Every line from the one with "9. penjepit sampel" to the end of the data needs to be copied exactly, and no line before it.

———

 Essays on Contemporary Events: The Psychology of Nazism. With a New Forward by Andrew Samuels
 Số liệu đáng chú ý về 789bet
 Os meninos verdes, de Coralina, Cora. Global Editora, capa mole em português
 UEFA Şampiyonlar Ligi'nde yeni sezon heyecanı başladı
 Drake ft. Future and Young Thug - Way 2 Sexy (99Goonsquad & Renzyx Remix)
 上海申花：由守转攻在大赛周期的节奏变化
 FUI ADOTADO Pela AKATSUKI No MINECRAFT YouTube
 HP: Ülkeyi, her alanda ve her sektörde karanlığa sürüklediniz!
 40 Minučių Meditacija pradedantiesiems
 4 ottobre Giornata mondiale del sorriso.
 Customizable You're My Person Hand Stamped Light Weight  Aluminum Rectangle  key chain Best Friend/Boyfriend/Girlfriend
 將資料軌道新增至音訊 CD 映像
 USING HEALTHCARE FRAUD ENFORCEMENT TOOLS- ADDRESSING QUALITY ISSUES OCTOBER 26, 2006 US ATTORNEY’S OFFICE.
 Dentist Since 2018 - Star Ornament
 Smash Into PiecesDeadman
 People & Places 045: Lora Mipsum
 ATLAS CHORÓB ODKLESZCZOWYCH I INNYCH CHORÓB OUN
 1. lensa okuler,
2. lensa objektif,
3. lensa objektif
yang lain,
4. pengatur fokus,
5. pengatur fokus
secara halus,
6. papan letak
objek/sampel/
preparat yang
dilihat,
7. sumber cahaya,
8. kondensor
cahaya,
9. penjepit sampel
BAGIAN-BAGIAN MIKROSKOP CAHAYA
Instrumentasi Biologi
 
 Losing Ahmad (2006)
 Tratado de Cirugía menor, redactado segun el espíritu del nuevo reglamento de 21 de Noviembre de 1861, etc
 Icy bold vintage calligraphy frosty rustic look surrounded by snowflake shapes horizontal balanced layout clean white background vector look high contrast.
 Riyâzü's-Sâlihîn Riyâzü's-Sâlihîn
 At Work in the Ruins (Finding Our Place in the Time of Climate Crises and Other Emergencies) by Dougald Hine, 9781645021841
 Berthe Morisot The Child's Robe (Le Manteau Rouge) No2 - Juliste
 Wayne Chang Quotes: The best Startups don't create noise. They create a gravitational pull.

———

Exercise answer:
9. penjepit sampel
BAGIAN-BAGIAN MIKROSKOP CAHAYA
Instrumentasi Biologi
 
 Losing Ahmad (2006)
 Tratado de Cirugía menor, redactado segun el espíritu del nuevo reglamento de 21 de Noviembre de 1861, etc
 Icy bold vintage calligraphy frosty rustic look surrounded by snowflake shapes horizontal balanced layout clean white background vector look high contrast.
 Riyâzü's-Sâlihîn Riyâzü's-Sâlihîn
 At Work in the Ruins (Finding Our Place in the Time of Climate Crises and Other Emergencies) by Dougald Hine, 9781645021841
 Berthe Morisot The Child's Robe (Le Manteau Rouge) No2 - Juliste
 Wayne Chang Quotes: The best Startups don't create noise. They create a gravitational pull.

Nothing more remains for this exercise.